EXERCISE GOAL:
Print all of the entries exactly, minus the pictures.
++++ DATA SHOWN ++++
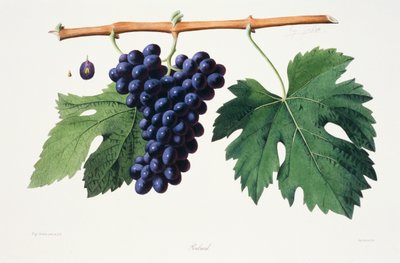 Ampelografie, Hrozny Poulsard Jura od French School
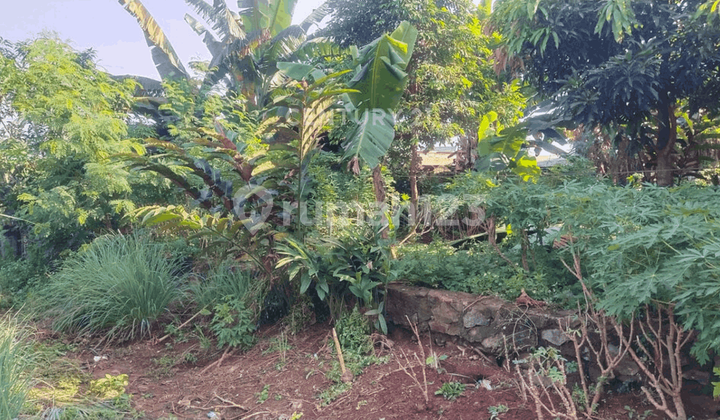 Tanah Dekat Sekolah Dan Perum Di Kp Babakan Mustika Jaya Bekasi Tanah Dekat Sekolah Dan Perum Di Kp Babakan Mustika Jaya Bekasi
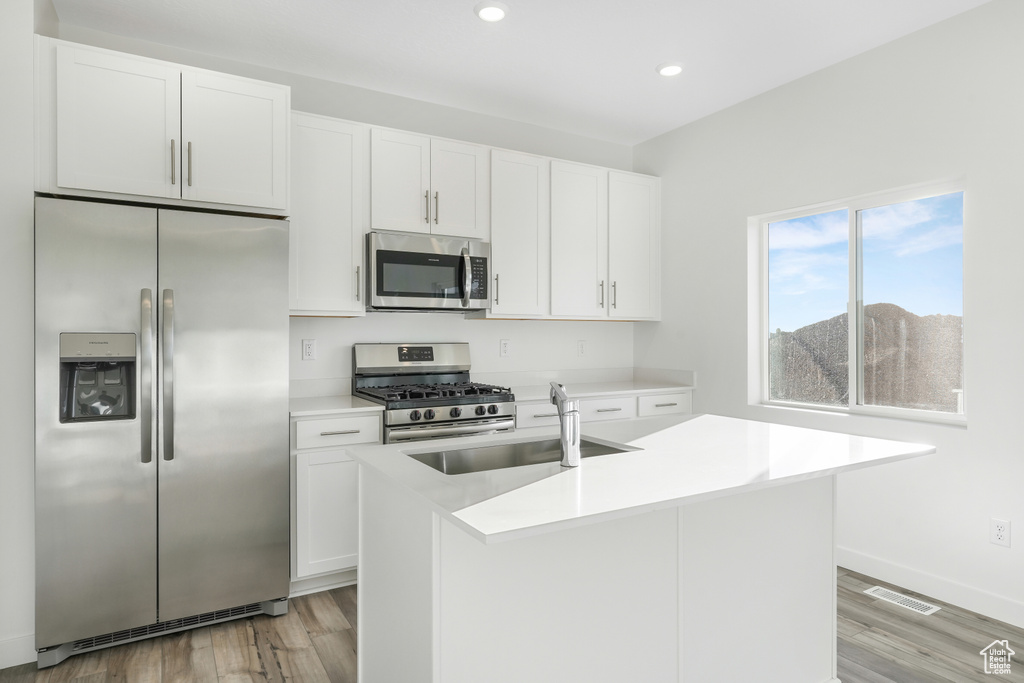Kitchen with stainless steel appliances, a sink, recessed lighting, and white cabinets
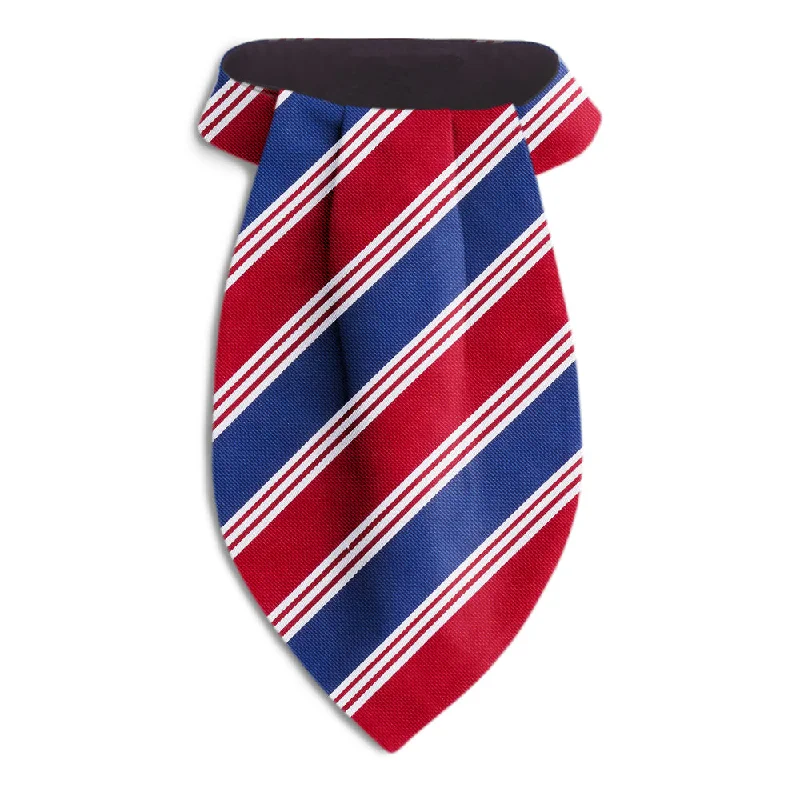 affordable silk necktie designs for business wear-Mackenzie River - Ascots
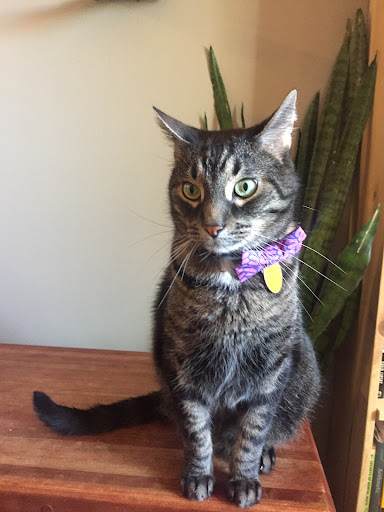 2121 N Sherman Ave, Madison, WI 53704, USA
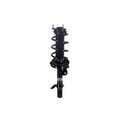 Suspension Strut and Coil Spring Assembly LS54-96041R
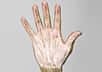 Anatomie de la main humaine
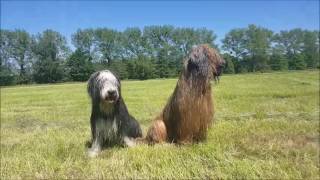 Briard and Bearded collieViki and Joy [upl. by Avaria503]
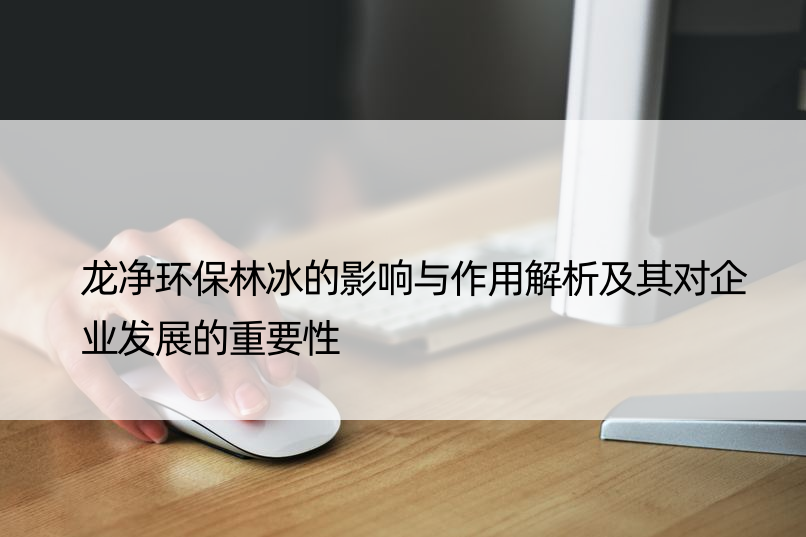 龙净环保林冰的影响与作用解析及其对企业发展的重要性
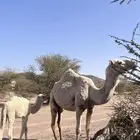 ناقة خلفه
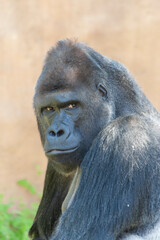
close-up shapely portrait of a wild gorilla male in the wild with blurred background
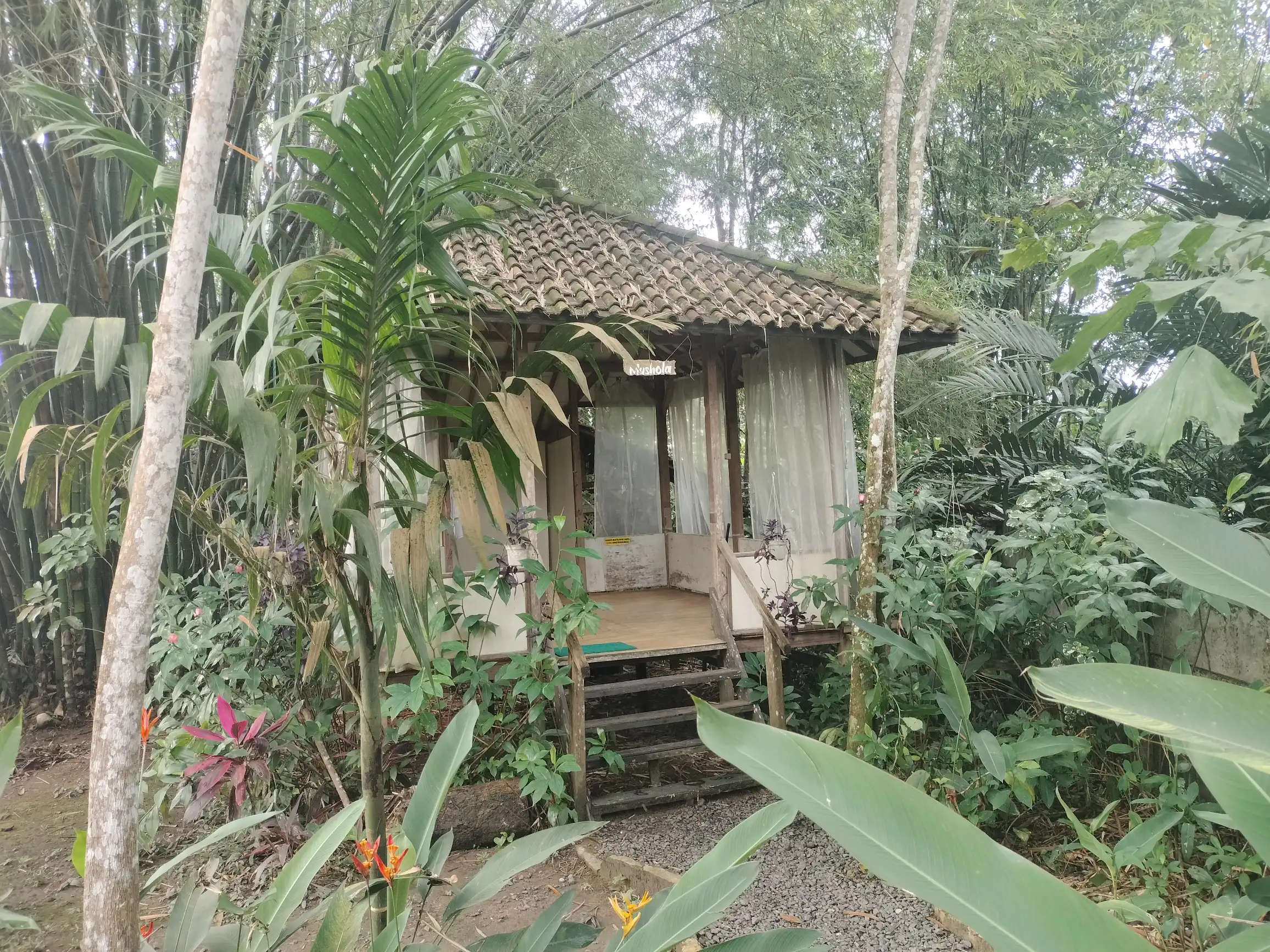 musholla di bangkal forest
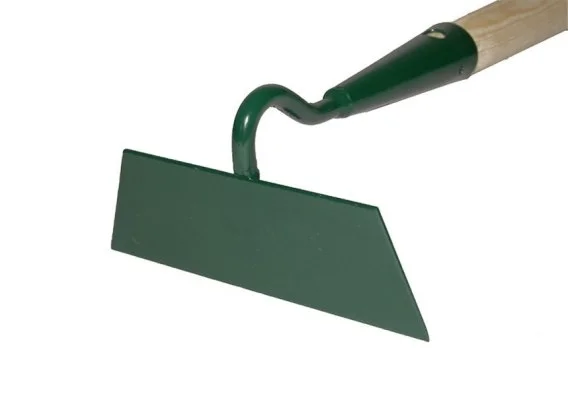 edukamp-220260616000531556637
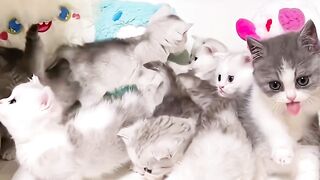 Caught Being Cute Again! #cute  #cat #kitten #meow  #funny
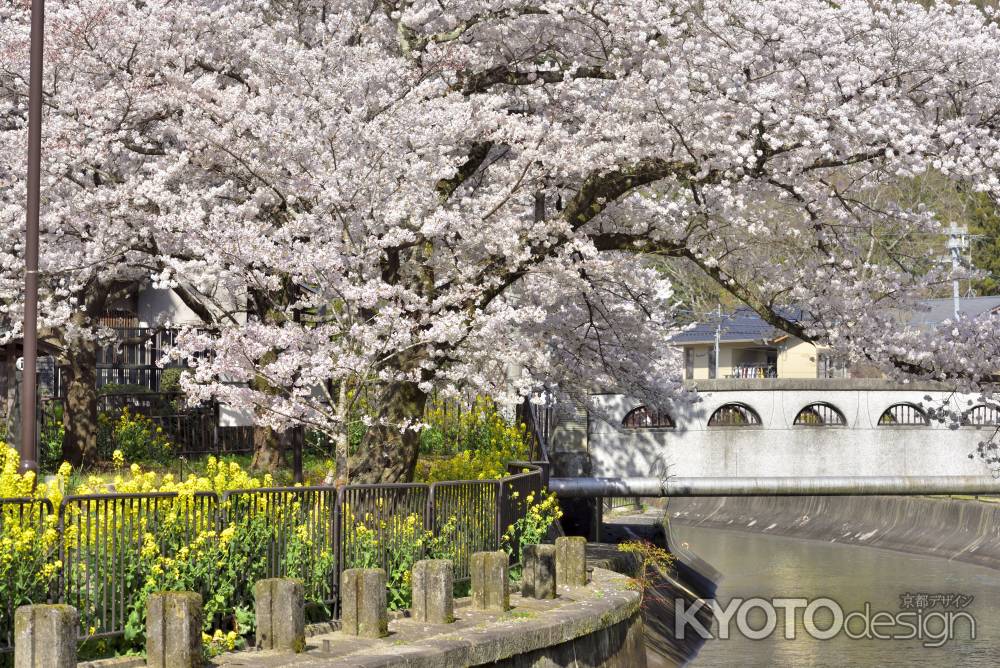 山科疎水（2022年4月5日）Scene5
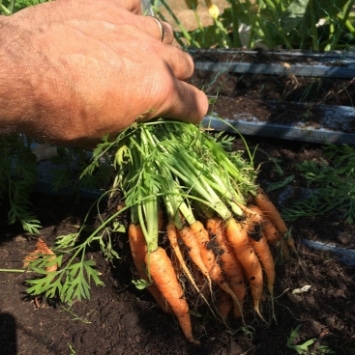 Bunch of carrots being pulled from the soil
++++
ANSWER TO THIS TASK:
 Ampelografie, Hrozny Poulsard Jura od French School
 Tanah Dekat Sekolah Dan Perum Di Kp Babakan Mustika Jaya Bekasi Tanah Dekat Sekolah Dan Perum Di Kp Babakan Mustika Jaya Bekasi
Kitchen with stainless steel appliances, a sink, recessed lighting, and white cabinets
 affordable silk necktie designs for business wear-Mackenzie River - Ascots
 2121 N Sherman Ave, Madison, WI 53704, USA
 Suspension Strut and Coil Spring Assembly LS54-96041R
 Anatomie de la main humaine
 Briard and Bearded collieViki and Joy [upl. by Avaria503]
 龙净环保林冰的影响与作用解析及其对企业发展的重要性
 ناقة خلفه
close-up shapely portrait of a wild gorilla male in the wild with blurred background
 musholla di bangkal forest
 edukamp-220260616000531556637
 Caught Being Cute Again! #cute  #cat #kitten #meow  #funny
 山科疎水（2022年4月5日）Scene5
 Bunch of carrots being pulled from the soil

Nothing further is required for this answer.